Tuesday, February 15, 2011


Where I grew up, in rural Georgia, it was a 15-minute trip to get to town. Town-town, where you'd get your hair cut or buy a pair of shoes or real groceries or underpants, not Rentz, where you might run if you needed to get a smallish check cashed, or you needed a dozen eggs to make a cake, or you were pining for a Coca-Cola or some Pet ice cream.

We lived with my grandmother (Grandmother or Grandmama, not Granny, heaven forbid), and I was with her constantly if I wasn't in school. My grandmother would have died before she'd have left the house without getting dressed, and she'd have sooner sprouted wings and flown before taking anybody to town with her who wasn't shined up, too.
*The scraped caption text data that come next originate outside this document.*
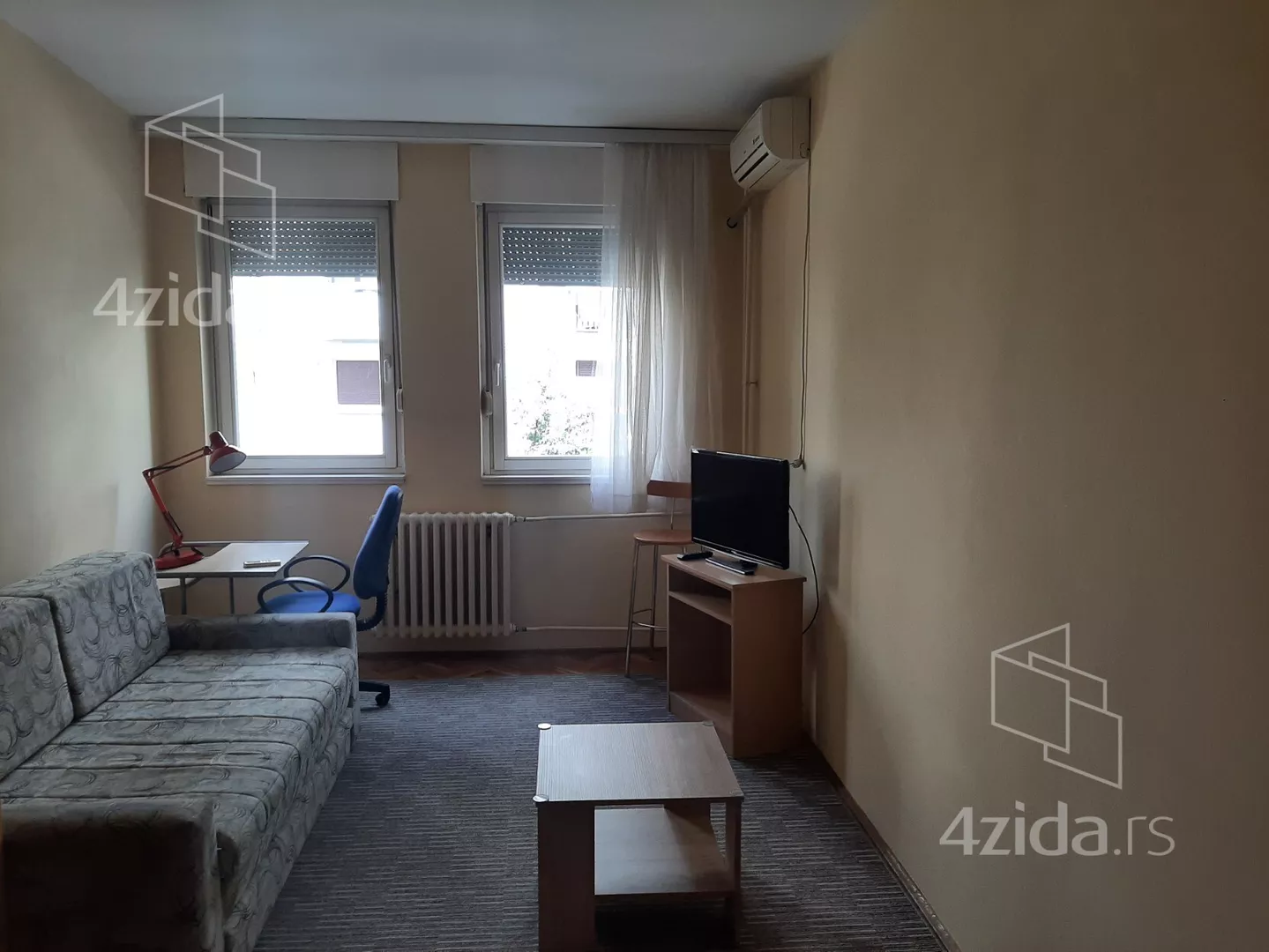 Garsonjera | 4zida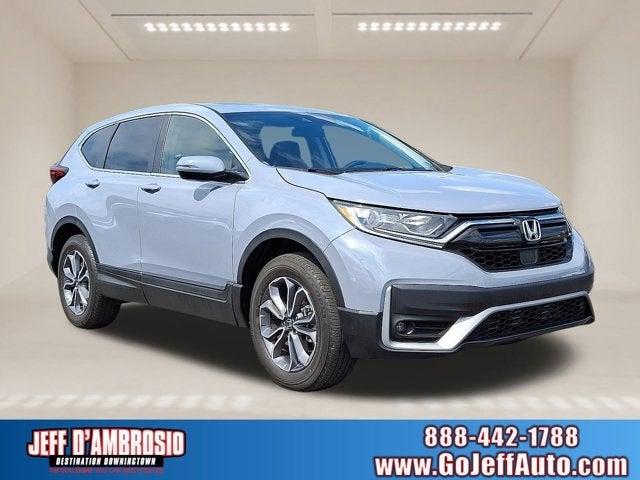 2022 Honda CR-V AWD EX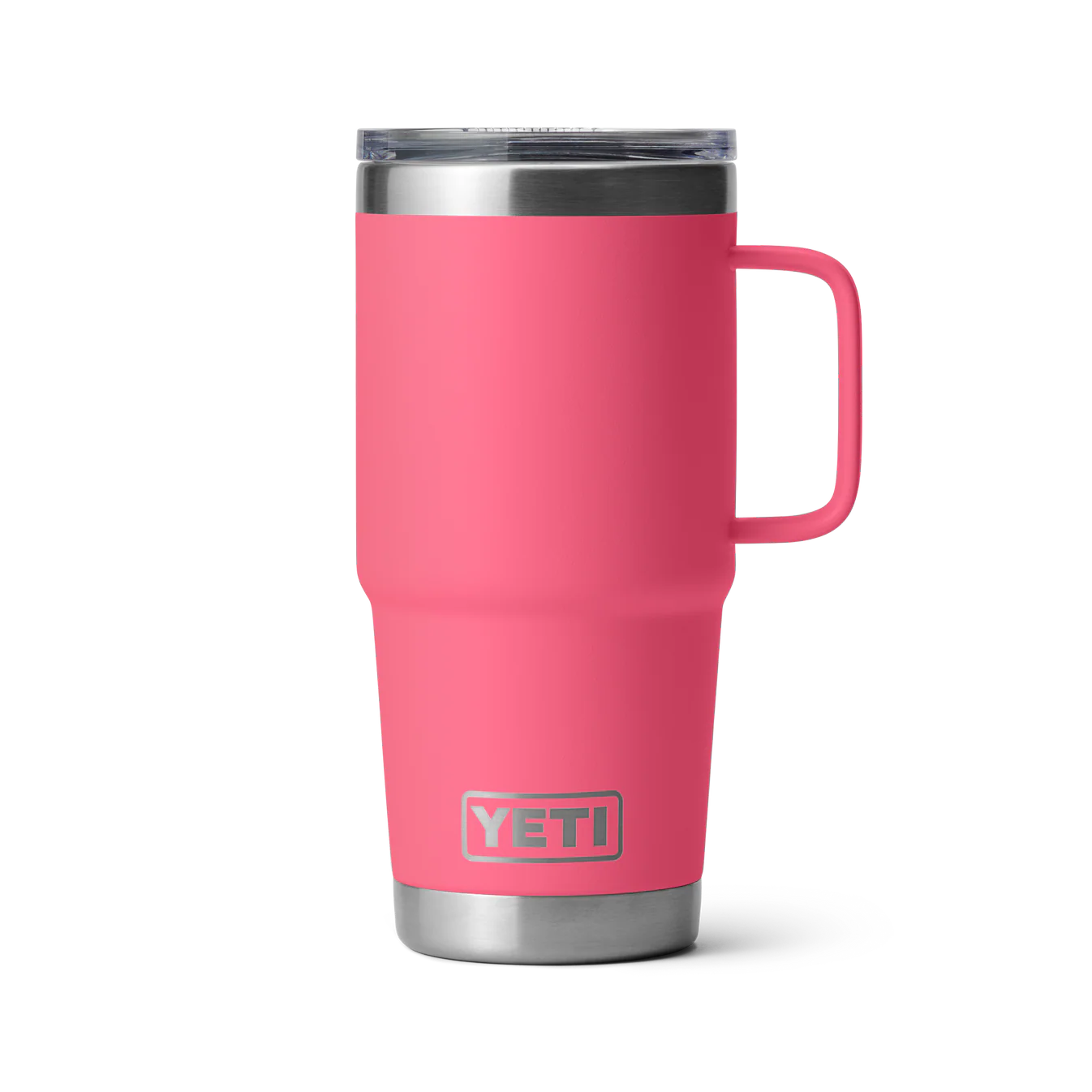 YETI Rambler® 20 oz (591 ml) Travel Mug With Stronghold™ Lid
To get to town, we drove up 441, and it was impossible not to drive past the home of a particular family of indeterminate means. I should say their means were indeterminate to me, just as ours were. I thought we were filthy rich because in every direction you could look from our house, it all belonged to relatives.

This particular home was sided with shingles of some description and was the type with steep-pitched tin roof with a deep front porch supported by a post at either end, and one on either side of the steps. Between the posts was a shelf made of 2x8 pieces of lumber, a place to set your drink down, were you to be outside cooling off, as you likely were to be, as air conditioning was not widespread in the 70s.

Living in this home was a woman my mother told me was a washerwoman. She didn't tell me anything else, though I constantly asked. This washerwoman had a penchant for sitting in her mean little rocker with the missing rockers, her feet thrown up on that shelf, her dress pulled up around her thighs.

When I went to town with Grandmother, as we passed by that house, she would hold her foot down hard on the gas, a death grip on the steering wheel, and stare straight ahead, saying, every time, "Just like a slattery."

I finally worked up the nerve to ask her what a slattery was, and she merely replied, "Something you will never be."